According to the vendor, he is afraid of offending potential customers by instructing them to maintain a distance when they descend on his stall as that could possibly cost him sales.

“If the police see more than 10 persons at my stall, they are going to stop and ask some to leave, which makes it easier for me because in this business, you can’t allow yourself to offend anyone,” he told The Gleaner.

A Montego Bay restaurant operator who has closed his business and has decided to ride out the COVID-19 episode says that in addition to a significant reduction in business, his personal fear of the virus has so consumed him that he much prefers to stay home and deplete his savings than to keep the business open and expose himself to danger.

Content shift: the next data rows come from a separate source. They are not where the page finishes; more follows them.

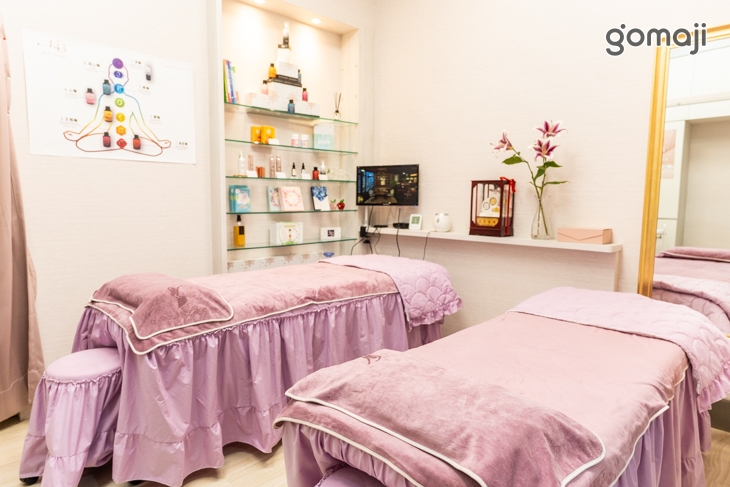  自帶光時空美學館 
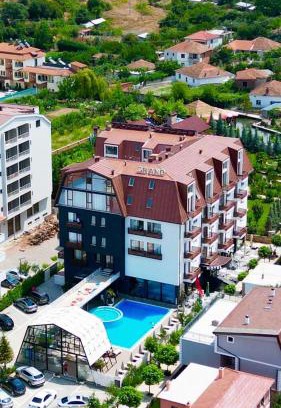 Tushemisht Hotel | Grand Hotel Pogradec
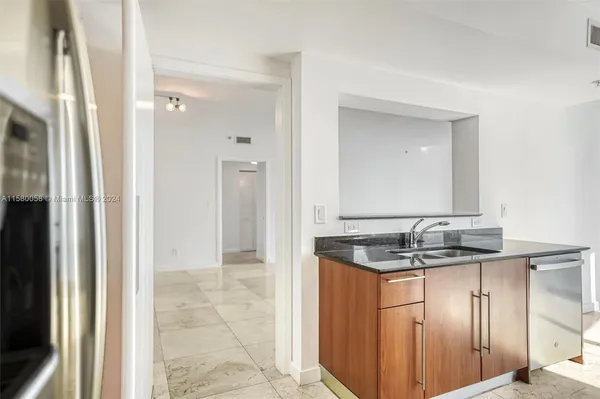 $1,150,000 | 325 Biscayne Boulevard, Unit 1923, Miami, FL 33131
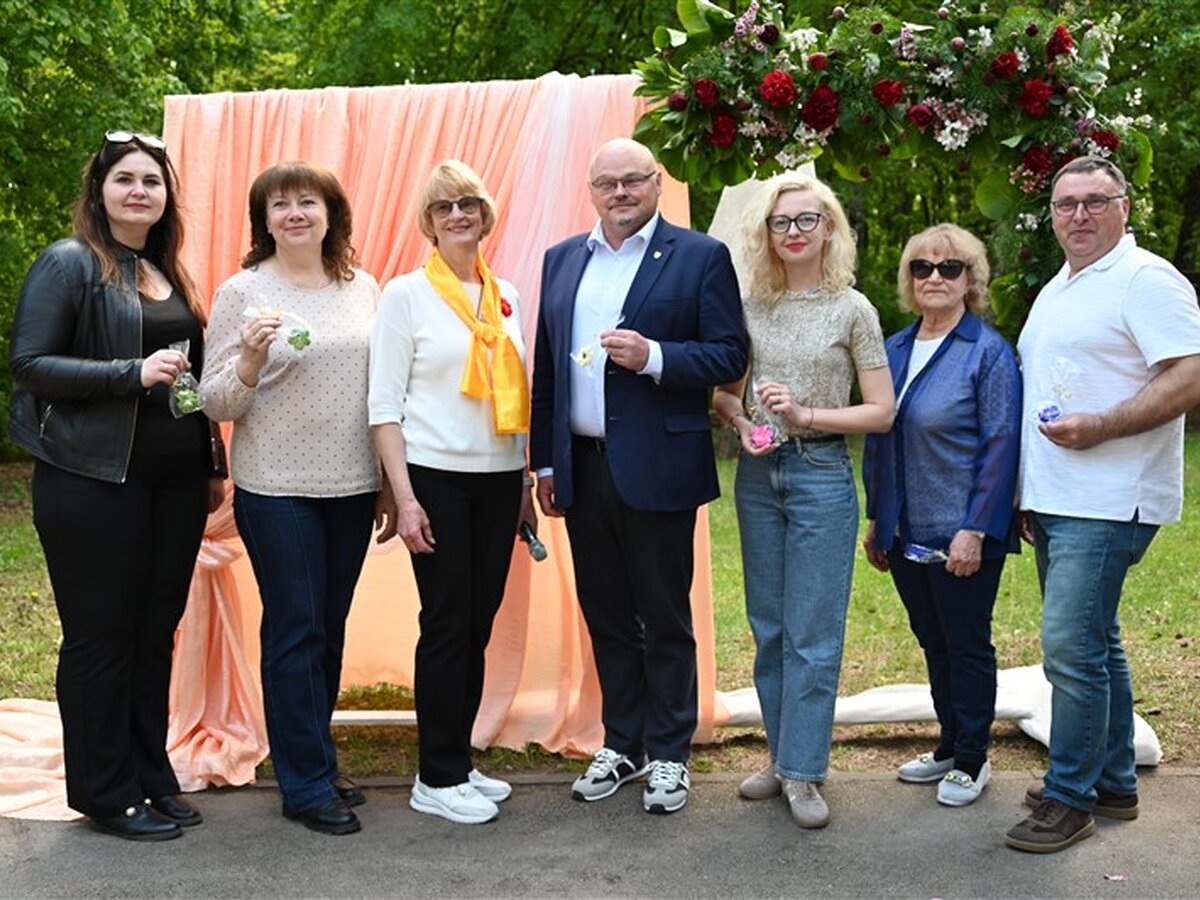 Pakruojo gėlininkų klubui – 20 metų: kaip bendruomenė savo rankomis keičia miesto veidą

“This thing (COVID-19) is serious, and while I love my business, I prefer my life. One morning, I woke up and just decided that today is the day to close it, so I just put up the notice to say we are closed indefinitely,” the businessman said.

Operations at the Second City’s Charles Gordon Market have also been in for criticism because of a blatant disregard for protocols at the facility, leading Montego Bay Chamber of Commerce and Industry president Janet Silvera to describe it as “a disaster waiting to happen”.

“We are sitting on a time bomb at the Charles Gordon Market,” Silvera said earlier this week.

The issue of jurisdiction is a key factor in the breakdown of order outside the market, a source familiar with the situation told The Gleaner.

“The police are saying that the municipality is responsible for the management of the market, which basically spills over to the adjoining roadway, while the municipality thinks it is the business of the police to deal with the encroachment on the roadway,” the source said. “There is an obvious glitch with that situation, and that must be fixed if we are to see any order in and around the market, which is a place to fear at this time.”